-------- Material to process --------

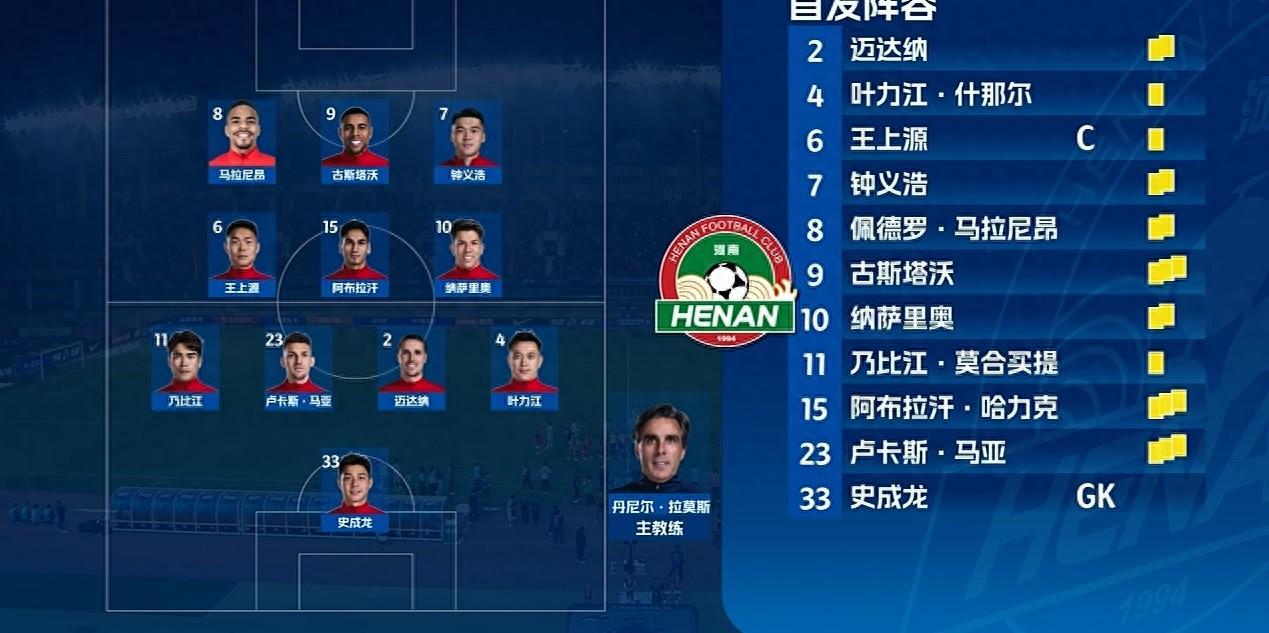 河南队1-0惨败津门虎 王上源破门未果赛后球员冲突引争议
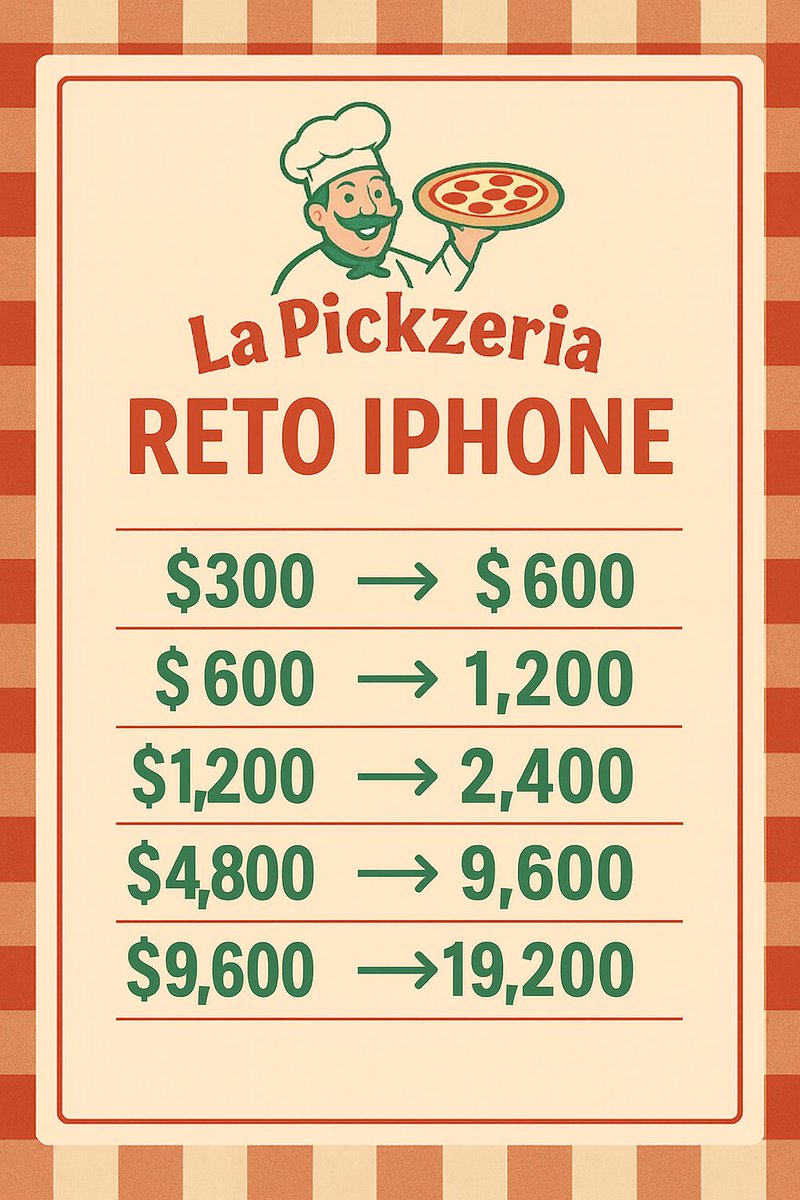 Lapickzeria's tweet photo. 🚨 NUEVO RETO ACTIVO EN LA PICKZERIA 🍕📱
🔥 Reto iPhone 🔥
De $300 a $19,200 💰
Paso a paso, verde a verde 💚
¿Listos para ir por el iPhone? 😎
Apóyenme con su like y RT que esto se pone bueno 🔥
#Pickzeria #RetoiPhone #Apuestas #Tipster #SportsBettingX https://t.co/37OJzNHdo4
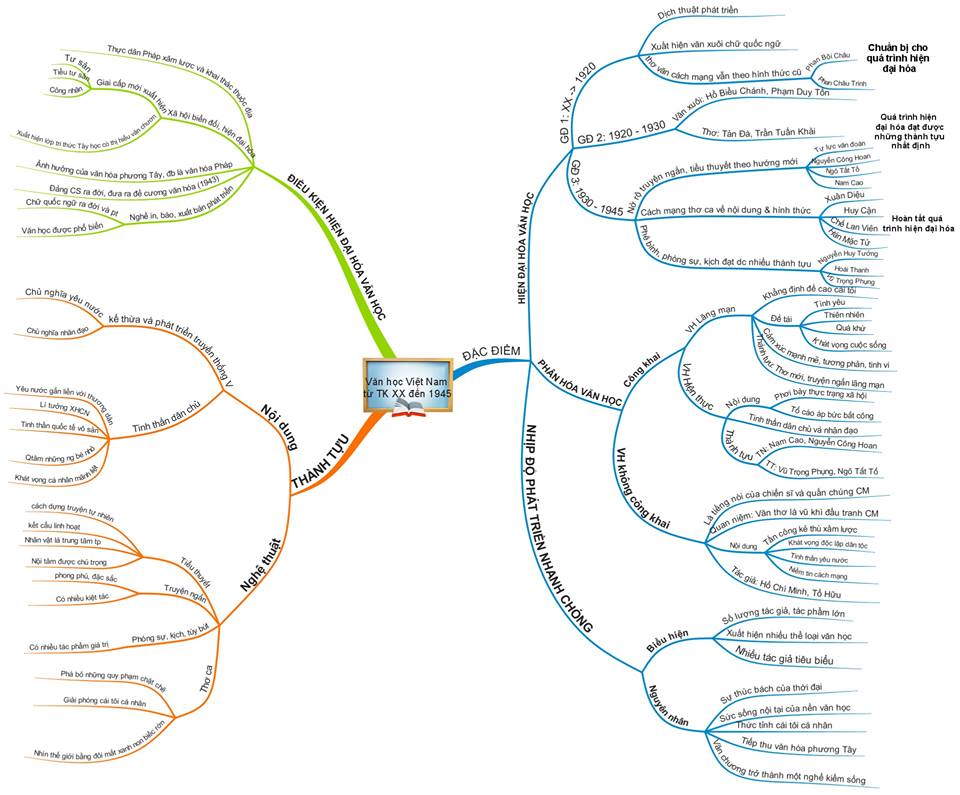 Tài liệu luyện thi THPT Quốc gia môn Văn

--------

--- The problem ---
Please print all the data above word for word. Pictures should not appear in the copy.

--- Written reply ---
 河南队1-0惨败津门虎 王上源破门未果赛后球员冲突引争议
 Lapickzeria's tweet photo. 🚨 NUEVO RETO ACTIVO EN LA PICKZERIA 🍕📱
🔥 Reto iPhone 🔥
De $300 a $19,200 💰
Paso a paso, verde a verde 💚
¿Listos para ir por el iPhone? 😎
Apóyenme con su like y RT que esto se pone bueno 🔥
#Pickzeria #RetoiPhone #Apuestas #Tipster #SportsBettingX https://t.co/37OJzNHdo4
 Tài liệu luyện thi THPT Quốc gia môn Văn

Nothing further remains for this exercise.